This document contains the second leg of our return trip from the Black Sea. The leg, all within Greece, is from Myrina on the island of Limnos to Pythagorio, in the island of Samos with stops at Ormos Thanos in Limnos, the island of Ayios Efstratios, Sigri in the island of Lesvos, and Salagonas in the island of Chios. It is illustrated with maps and photographs, and also includes some historical and geographical descriptions of the places visited as well as several links to other related web sites.
In Limnos Andonis and Jane Ephremides left Thetis. Their place was taken by Corinna’s friend from Brown University, Mark Dembitz.

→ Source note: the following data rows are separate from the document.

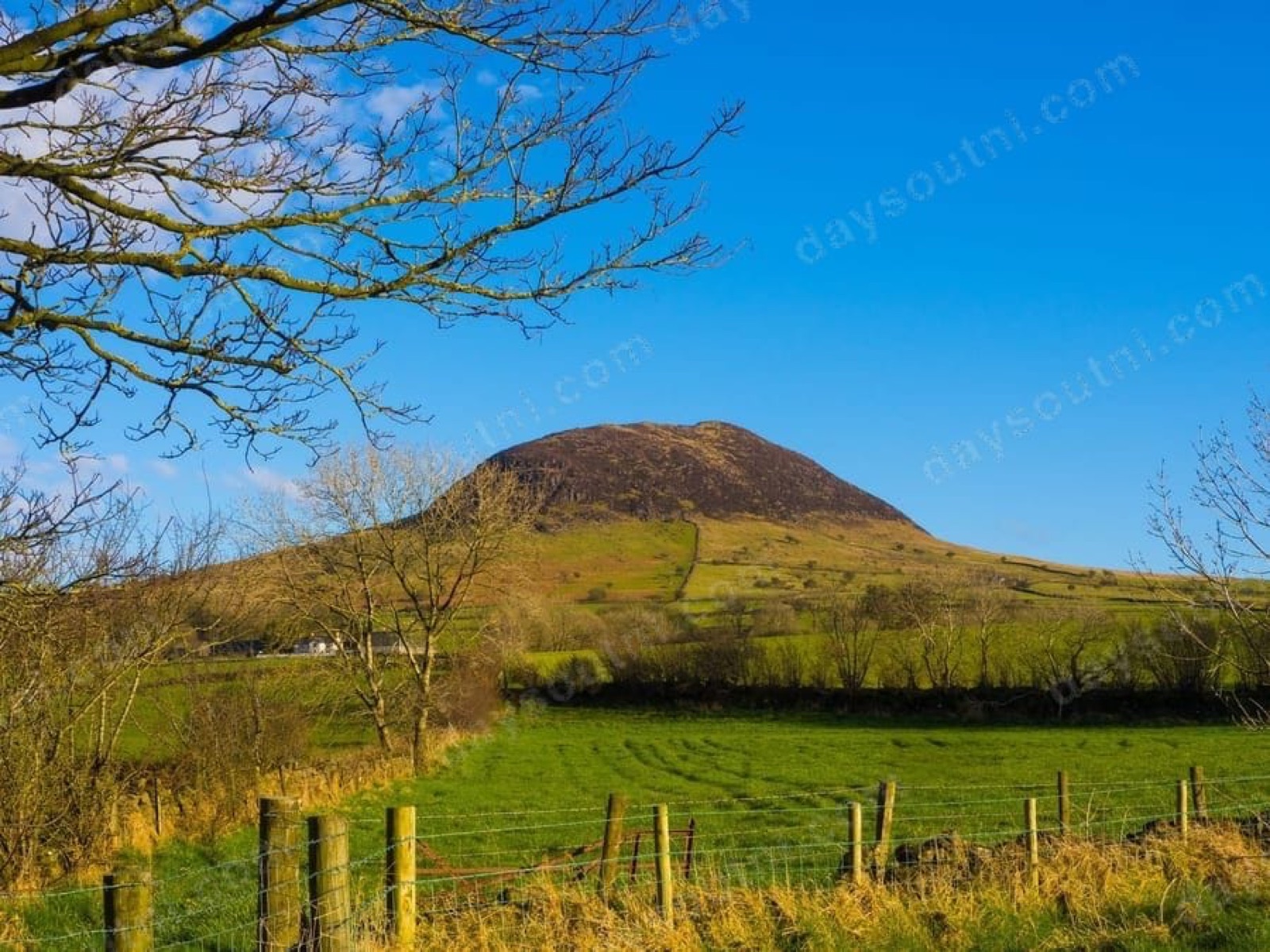 Slemish Mountain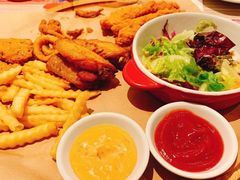 -必胜客(龙泉万达店)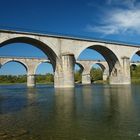 Ardèchebrücke bei Ruoms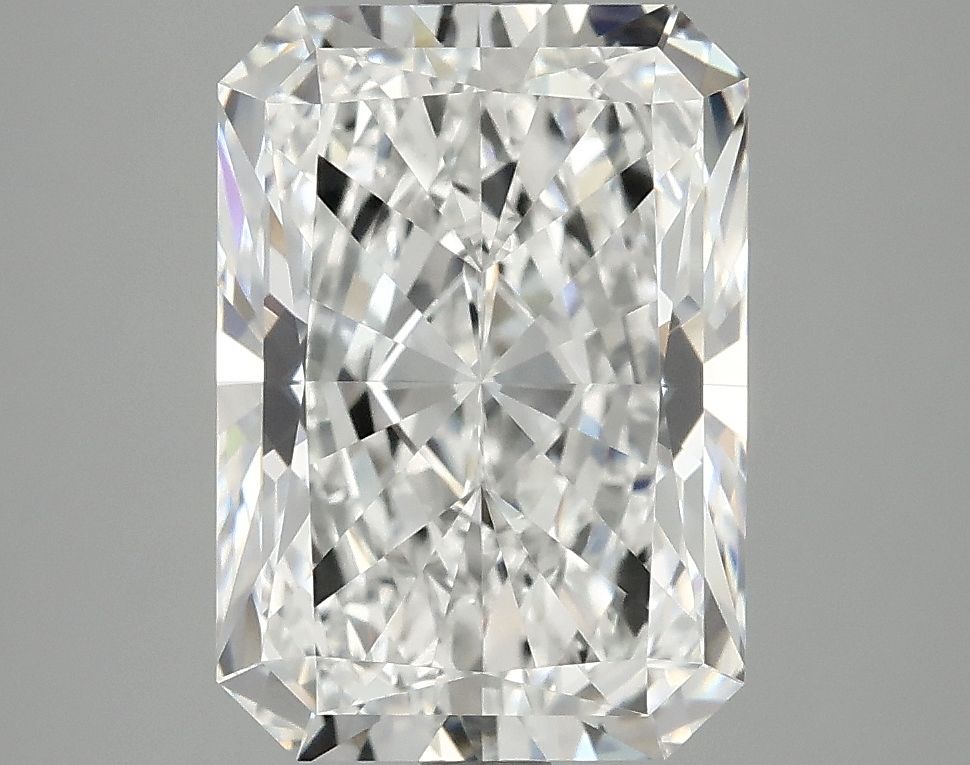 4.08 ct. radiant Lab Grown Diamond front image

Mark’s parents are ethnically Hungarian, although his father grew up in England. Mark was born in France but has grown up in Switzerland. Thus he speaks fluent English, French, and Hungarian. In high school he learned German and has since held several jobs in Germany. Mark is now learning Chinese at Brown, where he is an East Asian Studies major. He is also a very good fencer and member of the Brown Fencing Team.

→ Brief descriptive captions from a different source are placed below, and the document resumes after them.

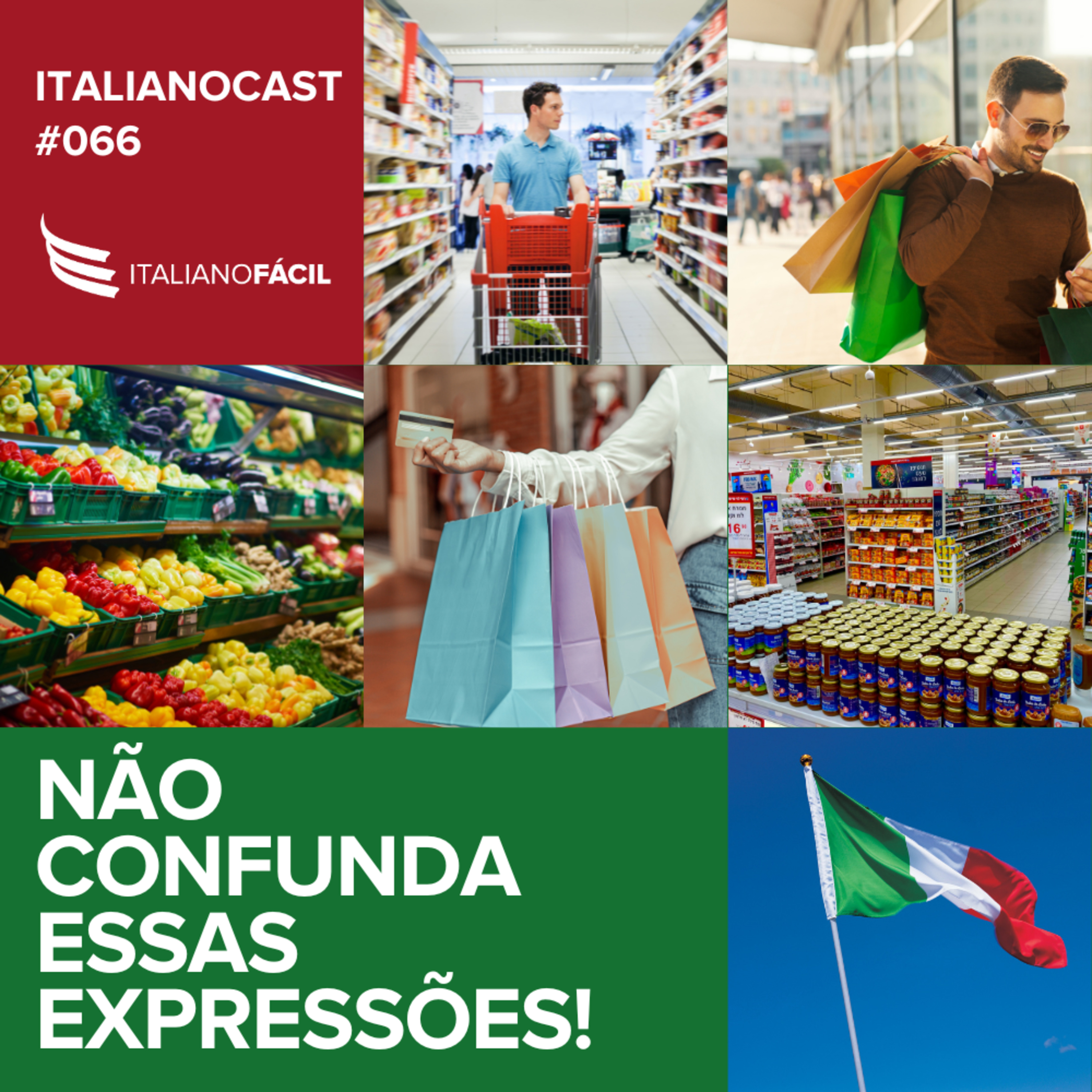 #066 - Não confunda essas expressões! episode artwork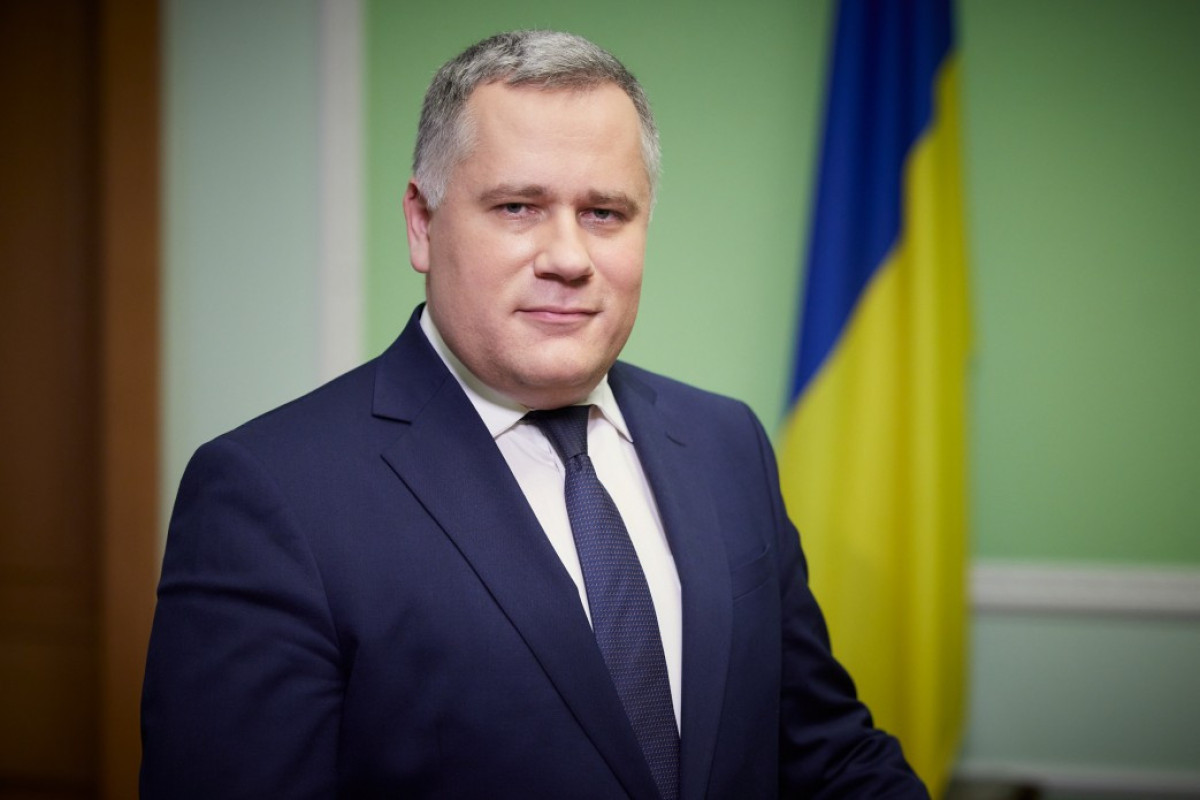 Ukrayna Prezidentinin ofisinin rəhbərinin müavini İqor Jovkva
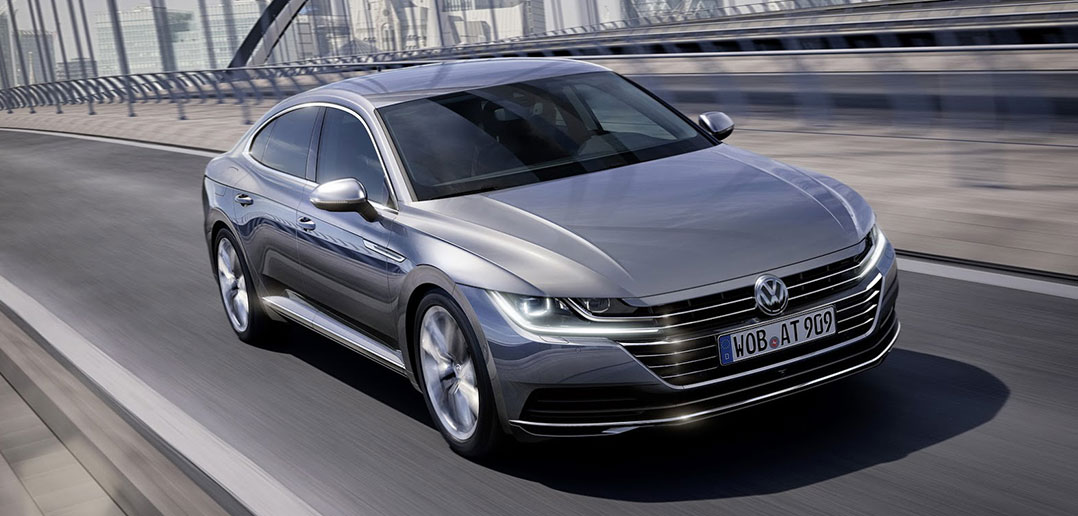 Volkswagen-Arteon
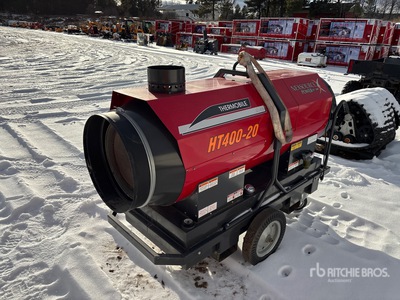 2021 Thermobile ITA-400 400000 BTU Riscaldatore terreno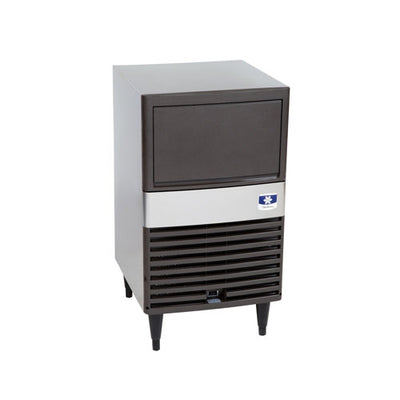 Manitowoc QM-45A 95 Lb Undercounter Cube Ice Machine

Friday August 20, 1999, Day 38
This was a slow day. It started with a walk to the banks. I tried to change my left over TL (Turkish Liras) into GRD (Greek Drachmas). No, none of the banks changes TL. Corinna and I walked to the Olympic Airways office to inquire about Mark’s incoming flight late at night. It was a long line, but eventually we got the information. They are expecting his flight at 2320 and there is an airport bus that leaves Myrina for the airport at 2230.
Back on Thetis I used the water hose to fill the tanks and wash the boat very thoroughly. It was very hot, and we kept wetting the tent to cool the boat off. Andonis and Jane packed their things and left Thetis for a more comfortable air-conditioned room in a hotel. They were flying back to Athens tomorrow morning. I paid the harbor attendant 2,000 GRD for the water and electricity connections. I had a haircut and bought some fruits.

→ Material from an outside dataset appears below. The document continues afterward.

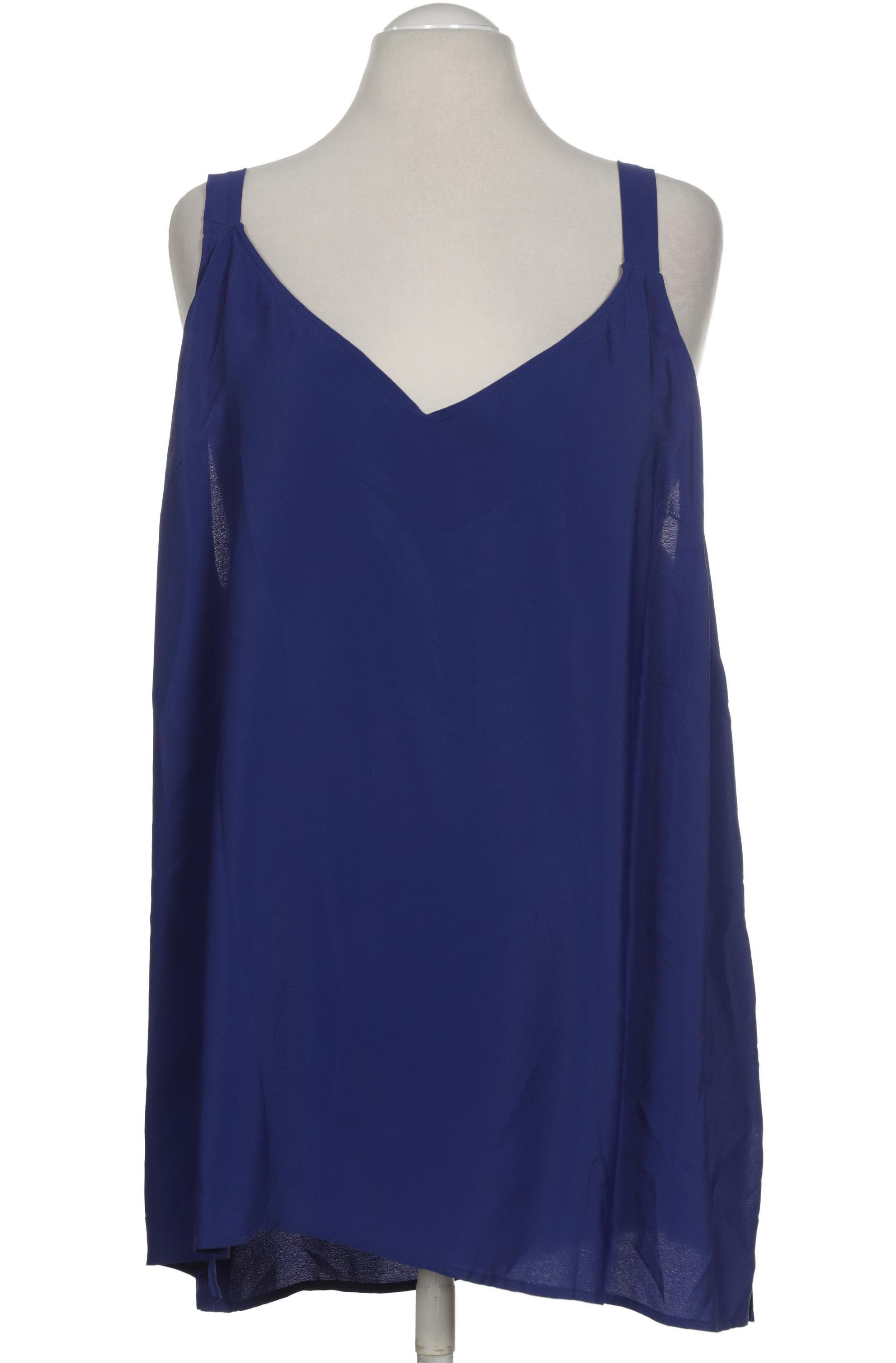 

Marina Rinaldi Damen Bluse, blau, Gr. 52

Corinna was still not feeling very well. She continued, for the third day now, to have stomach cramps. We ate a salad, bread and cheese for lunch in the cockpit. Inside the boat it was 33° C (91° F), the relative humidity 60%, and the barometer at 1011 mB. We put the outboard on the zodiac and rode a little out of the harbor for a swim. The water was very refreshing and clean. Nice to be back in the Aegean again. After we returned to Thetis we called Alice in Washington.
When the sun was lower in the horizon, Corinna and I climbed up on the Byzantine Castle. On the way, whom did we meet? Andonis and Jane. It took me a while to recognize him, then I realized that he had actually shaved. They had already been to the Castle and now they were returning to their hotel. They “may” or “may not” join us for dinner later tonight.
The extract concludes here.